Our fungus spanning tree has grown from the vertex F to cover every plant in the area, and it covers 12+10+10+13+14+8+7=74 metres in total.

This procedure is guaranteed to find the minimal spanning tree every time. Much easier than finding all the spanning trees and adding up all their weights. Here’s a summary of the procedure.

Prim’s algorithm (from a network):

  1. Pick any vertex to start the spanning tree.

  2. Locate the lowest weight edge connected to the spanning tree.

  3. If this edge would create a cycle, reject it.

  4. If there is more than one edge with the lowest weight, pick any of them.

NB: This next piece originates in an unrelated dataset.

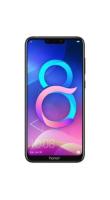 Смартфон Honor 8c 4/64GB Purple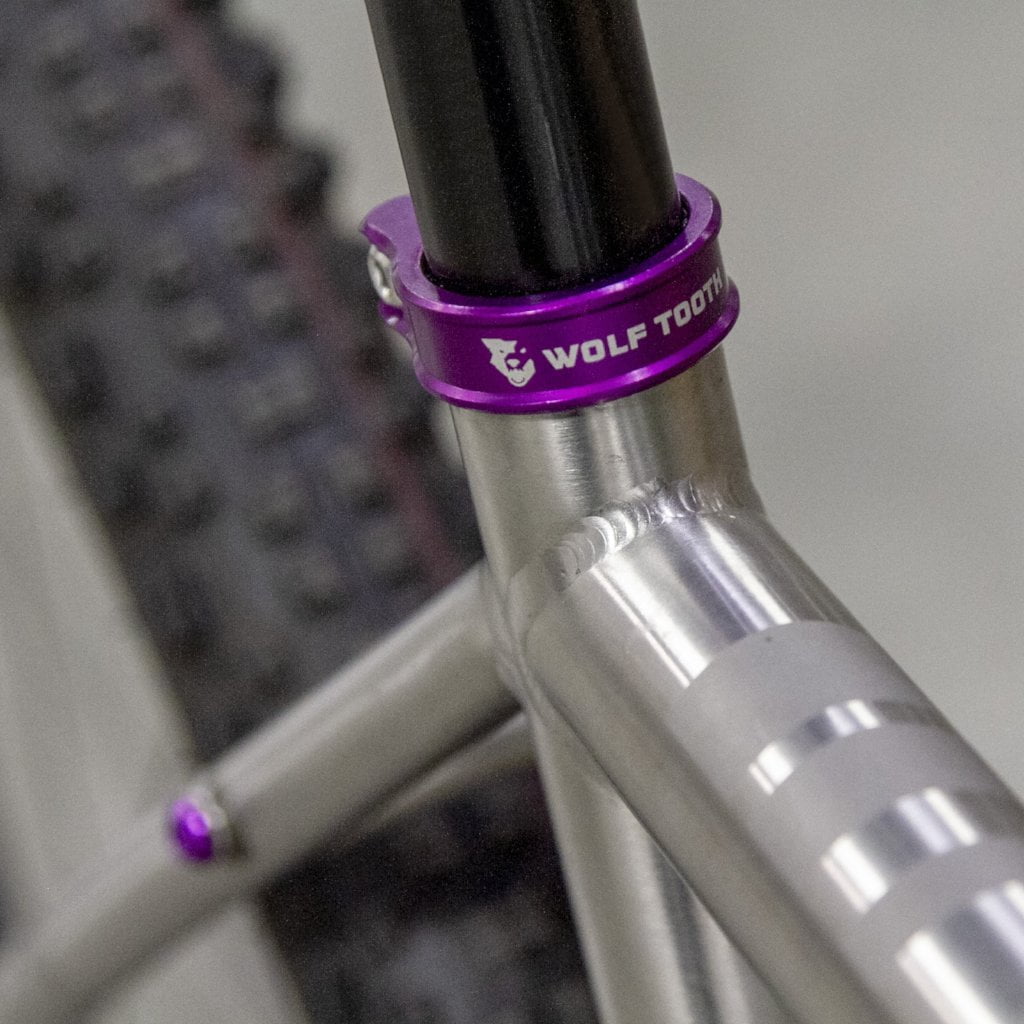 Seatpost Clamp - Walmart.com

  5. Add this edge and the vertex at the other end to the spanning tree. If all vertices are part of the spanning tree, stop. Otherwise, repeat from step 2.

Examples

Example 1

This image shows a network of walking tracks. Ask your teacher for more information.

The rangers of a national park want to clear walking tracks to 6 landmarks in the area. The potential tracks between landmarks are shown in the graph, along with the number of days required to clear each track for use.

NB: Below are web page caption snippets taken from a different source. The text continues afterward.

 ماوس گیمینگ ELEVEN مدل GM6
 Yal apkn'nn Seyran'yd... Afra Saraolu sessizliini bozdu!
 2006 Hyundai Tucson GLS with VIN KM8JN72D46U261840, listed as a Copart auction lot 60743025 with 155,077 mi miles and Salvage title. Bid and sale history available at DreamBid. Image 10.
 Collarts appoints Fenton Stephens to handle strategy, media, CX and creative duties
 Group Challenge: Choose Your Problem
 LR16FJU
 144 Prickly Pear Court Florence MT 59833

To make a network of tracks in the shortest time, the rangers want to find a minimal spanning tree for the graph.

a

Which two of the following are possible minimal spanning trees?

A
This image shows a network highlighting a spanning tree. Ask your teacher for more information.
B
This image shows a network highlighting a spanning tree. Ask your teacher for more information.
C
This image shows a network highlighting a spanning tree. Ask your teacher for more information.
D
This image shows a network highlighting a spanning tree. Ask your teacher for more information.
Worked Solution
Create a strategy

Use the Prim's Algorithm to test each option.

Apply the idea

All the spanning trees seem to have started from vertex A. From vertex A we could move to either B or F since both edges AB and AF have a weight of 7.

If we move to vertex B, we would move to vertex E then D then C by following the edges with the lowest weights. We still need to connect to vertex F so we would also include the edge EF since its weight is lower than the weight of AF. This tree corresponds to option C, and has a total weight of: 7+4+2+6+6=25.

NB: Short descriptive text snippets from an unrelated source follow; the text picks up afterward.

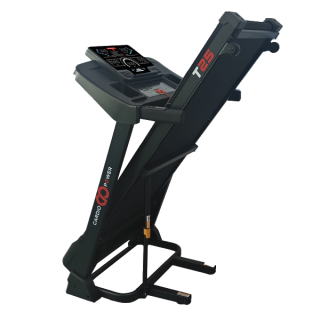 Беговая дорожка CardioPower T25 NEW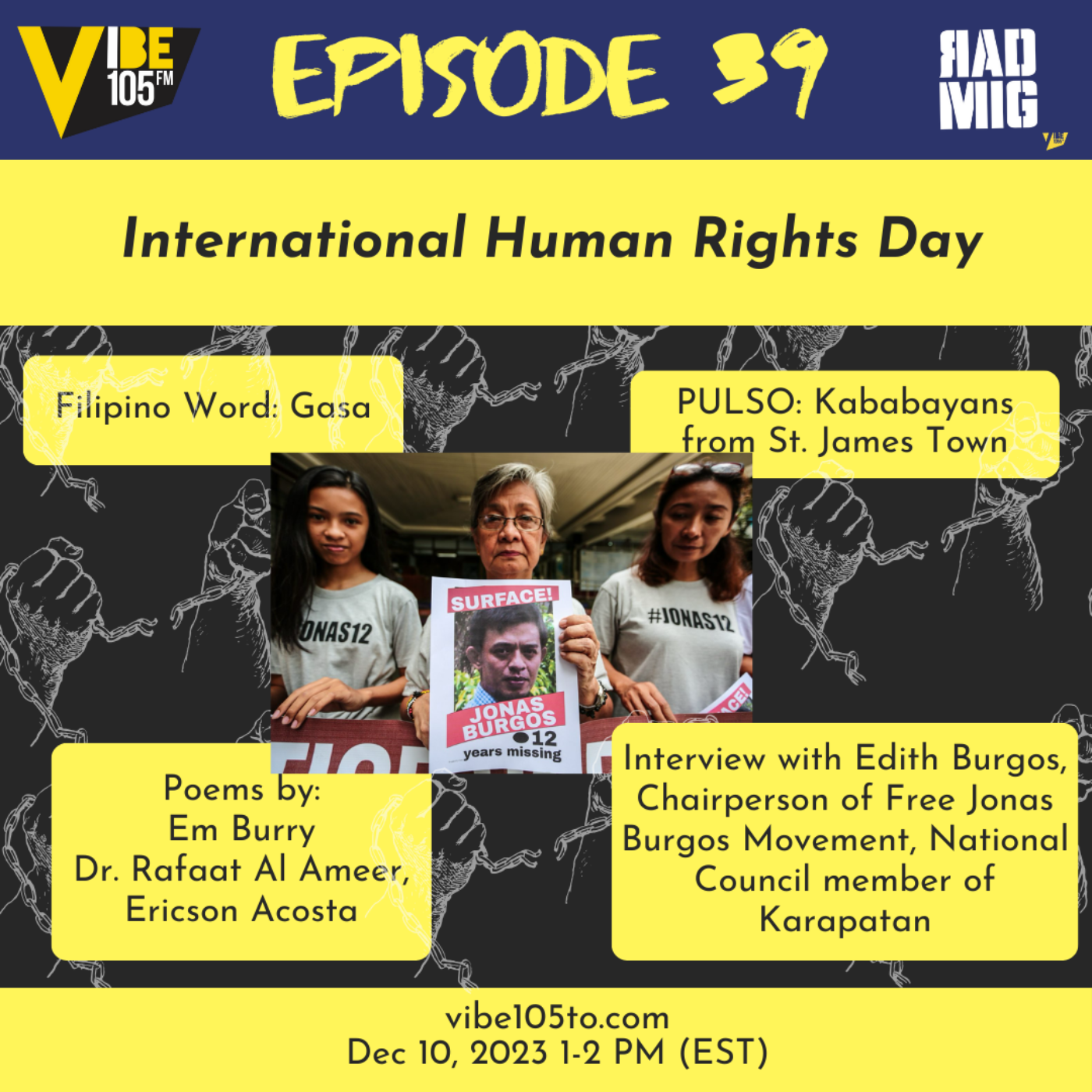 Radyo Migrante Toronto
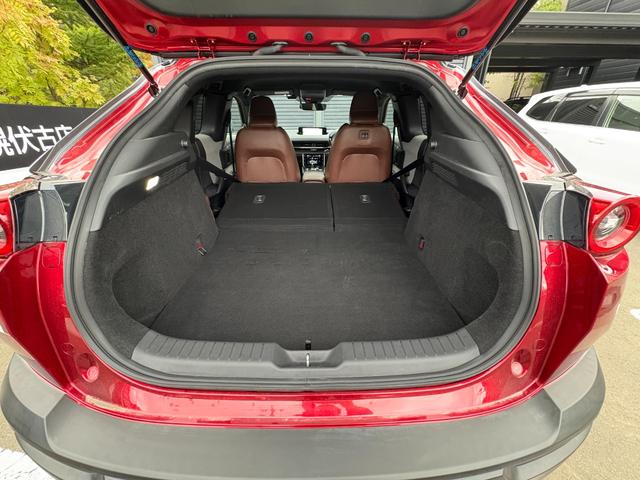 MAZDA MX-30 BASE GRADE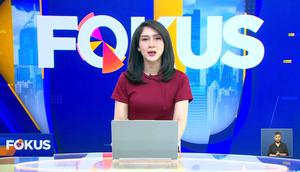 Fokus edisi (23/12) dengan pilihan topik-topik sebagai berikut, Terjangan Angin Kencang, Atap Ambruk, Penyaluran MBG di Masa Libur Sekolah, Pelabuhan dan Terminal Ramai Penumpang.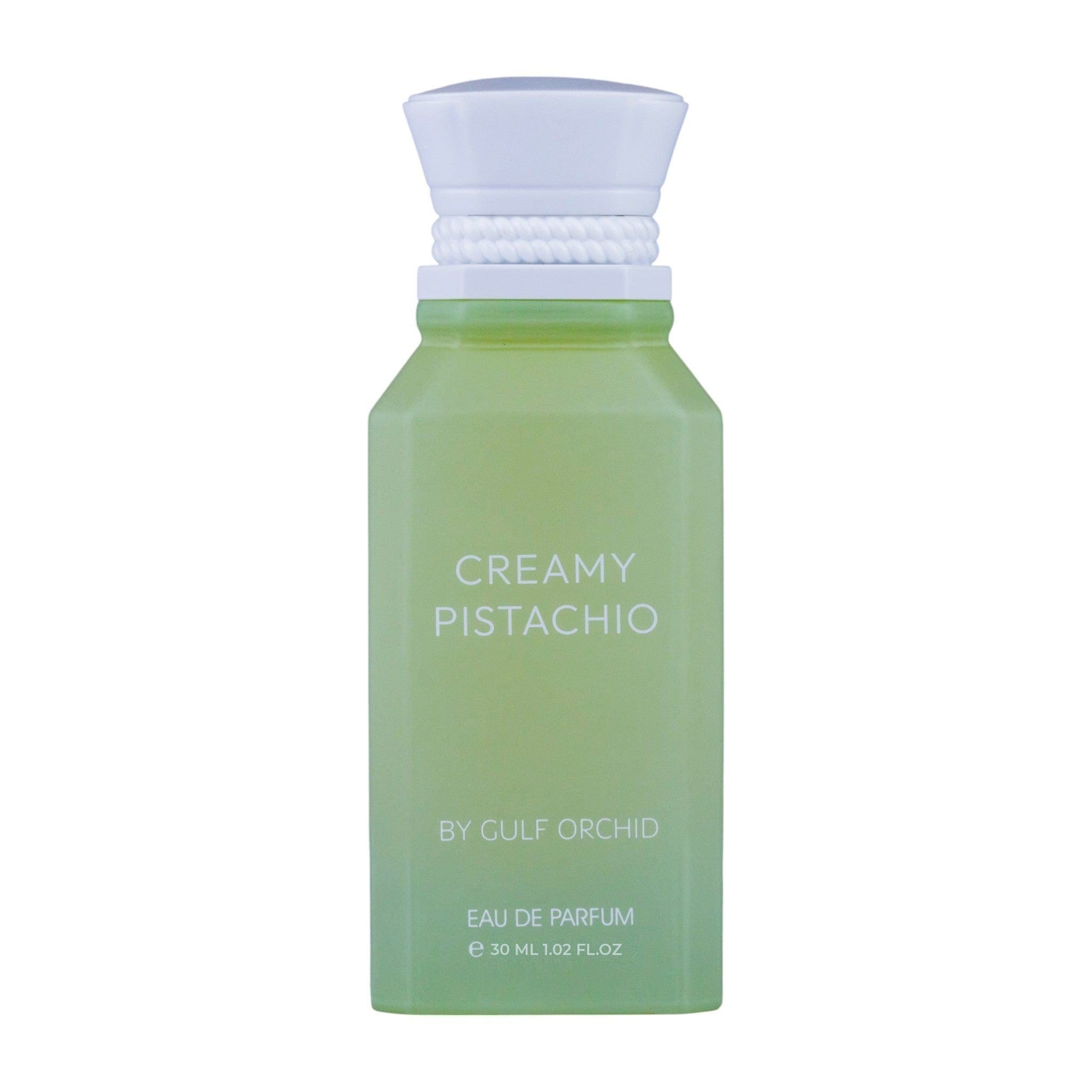 Creamy Pistachio Eau de Parfum 30ml by Gulf Orchid - Women Perfume - EDP - 30ml 310686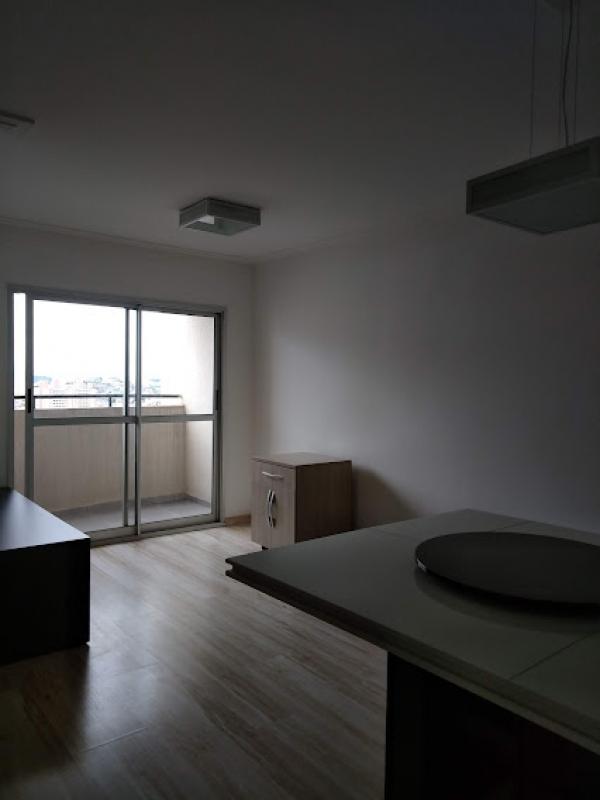 Apartamento à venda com 2 quartos, 72m² - Foto 2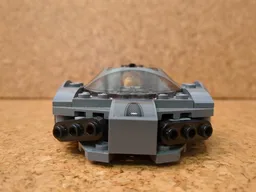Oldsmobile Aerotech - 76915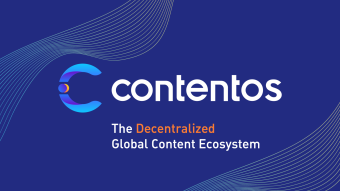 Contentos The Next 100X Crypto Road Map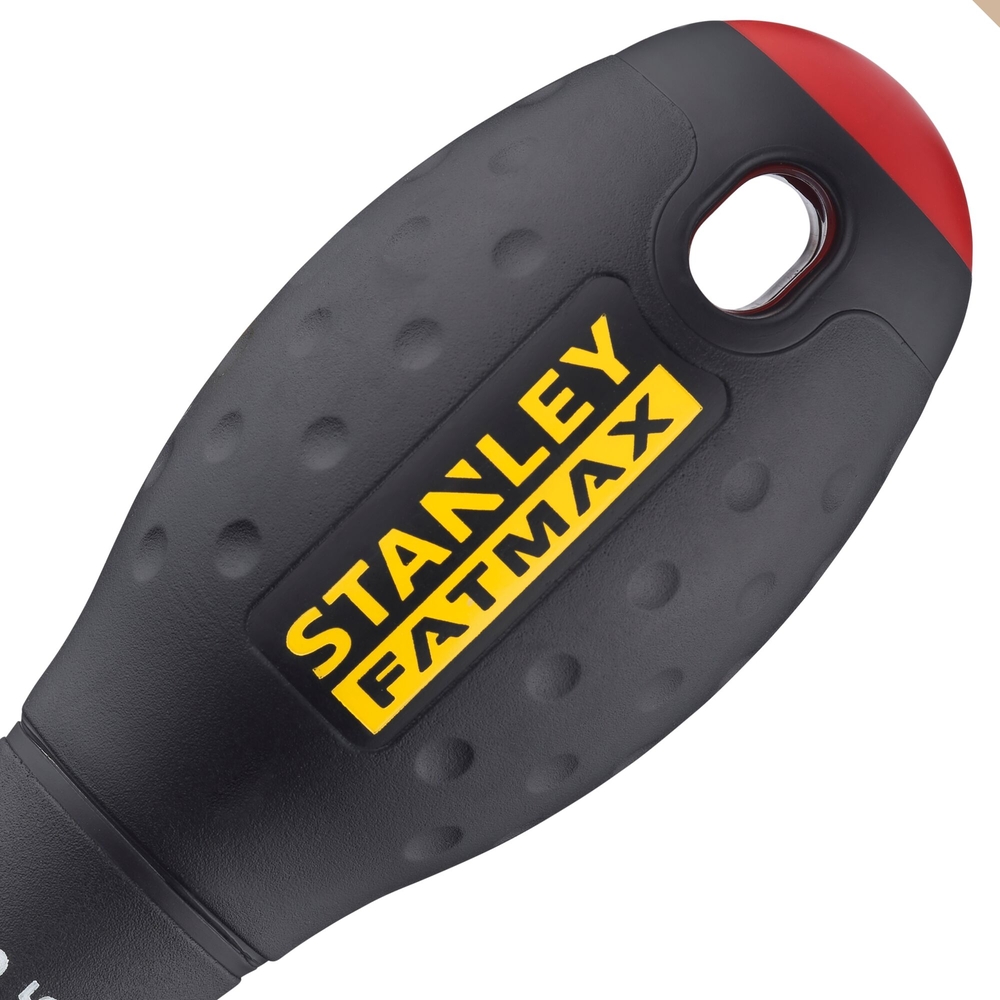 Tournevis mécanicien 8 x 175 mm - Fatmax - 0-65-138 - STANLEY FATMAX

If we move to vertex F, we would move to vertex E then D then C by following the edges with the lowest weights. We still need to connect to vertex B so we would also include the edge EB since its weight is lower than the weights of AB, CB and DB. This tree corresponds to option A, and has a total weight of: 7+6+4+2+6=25.

So the possible minimal spanning trees are in options A and C.

b

What is the minimum time taken to build a network of tracks that connect each landmark?

Worked Solution
Create a strategy

Add the weights of edges of the minimum spanning trees found in part (a).

Apply the idea

In part (a) we found that the total weight of both minimal spanning trees was 25.

The minimum time taken to build a network of tracks is 25 days.

Idea summary

Prim’s algorithm (from a network):

  1. Pick any vertex to start the spanning tree.

  2. Locate the lowest weight edge connected to the spanning tree.

  3. If this edge would create a cycle, reject it.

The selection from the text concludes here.